One might ask whether this investor would be better off with the ETF-class share of an open-ended mutual fund or with established emerging-markets ETFs such as the Vanguard Emerging Markets ETF or the iShares MSCI Emerging Markets Index.
The case for active management of international funds has been stronger than for diversified U.S. equity funds. Many international-equity managers seem to have added enough value to overcome the higher expenses, compared with passive benchmarks such as those of MSCI Inc. of New York.
Moreover, international-equity funds are more likely than domestic-equity funds to place trading restrictions on shareholders because of the higher transaction costs that international funds incur in meeting redemptions or when investing cash inflows. Therefore, if the bid-ask spread were sufficiently low, an actively managed international-equity ETF could be a very useful investment tool.
Nonetheless, I do not expect the launch of actively managed ETFs to be of earth-shaking importance, because the line between actively managed and passively managed ETFs has already been blurred.

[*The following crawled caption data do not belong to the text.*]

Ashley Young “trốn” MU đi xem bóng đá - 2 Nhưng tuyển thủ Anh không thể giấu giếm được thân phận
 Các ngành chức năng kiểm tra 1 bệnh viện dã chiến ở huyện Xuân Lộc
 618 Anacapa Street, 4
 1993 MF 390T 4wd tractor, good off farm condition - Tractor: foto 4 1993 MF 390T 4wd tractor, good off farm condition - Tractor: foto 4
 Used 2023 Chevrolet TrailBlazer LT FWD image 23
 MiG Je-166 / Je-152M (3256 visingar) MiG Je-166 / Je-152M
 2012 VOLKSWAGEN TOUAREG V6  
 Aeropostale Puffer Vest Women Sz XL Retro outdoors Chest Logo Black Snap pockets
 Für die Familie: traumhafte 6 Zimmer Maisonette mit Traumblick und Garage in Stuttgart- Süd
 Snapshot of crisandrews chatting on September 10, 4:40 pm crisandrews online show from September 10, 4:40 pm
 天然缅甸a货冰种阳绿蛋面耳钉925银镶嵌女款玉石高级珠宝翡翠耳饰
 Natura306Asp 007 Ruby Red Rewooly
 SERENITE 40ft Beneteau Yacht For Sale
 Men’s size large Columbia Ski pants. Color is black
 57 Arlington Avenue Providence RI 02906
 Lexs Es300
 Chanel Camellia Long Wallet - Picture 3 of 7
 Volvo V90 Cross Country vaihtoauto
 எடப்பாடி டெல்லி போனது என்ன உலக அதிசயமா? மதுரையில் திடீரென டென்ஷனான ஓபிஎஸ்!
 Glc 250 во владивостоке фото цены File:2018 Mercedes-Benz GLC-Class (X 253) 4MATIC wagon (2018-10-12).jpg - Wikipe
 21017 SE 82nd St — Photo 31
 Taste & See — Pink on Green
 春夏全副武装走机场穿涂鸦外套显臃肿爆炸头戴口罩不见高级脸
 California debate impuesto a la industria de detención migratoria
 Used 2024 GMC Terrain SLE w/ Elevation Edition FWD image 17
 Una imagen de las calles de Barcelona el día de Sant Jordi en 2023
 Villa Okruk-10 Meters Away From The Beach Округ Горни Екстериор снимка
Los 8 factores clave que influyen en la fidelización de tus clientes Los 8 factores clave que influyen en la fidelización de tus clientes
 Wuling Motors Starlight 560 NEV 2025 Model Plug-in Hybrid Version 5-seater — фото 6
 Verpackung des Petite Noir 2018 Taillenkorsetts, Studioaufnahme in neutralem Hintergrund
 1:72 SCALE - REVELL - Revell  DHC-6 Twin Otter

Market indexes were originally designed to represent the behavior of entire segments of the market, and the first ETFs from iShares offered by Barclays Global Investors of San Francisco and State Street Global Advisors of Boston were created years after the indexes had been in existence.
In recent years, however, indexes have been developed to serve as benchmarks for ETFs. These indexes were designed with performance history in mind to stimulate investor interest and to maximize liquidity.
Some new indexes, such as the Palisades Water Index (the benchmark for the PowerShares Water Resources Portfolio, offered by PowerShares Capital Management LLC of Wheaton, Ill.) do not even disclose their stock selection methodology.
The only difference between the Palisades Water Index and an actively managed water sector fund is that the “passive” index announces its constituents in a timely manner.
I think competition among ETF providers has resulted in a number of excellent products at reasonable cost.
Adding actively managed ETFs to the menu of selections can only help investors in the future, even if many present and future ETFs are shaken out due to insufficient investor interest.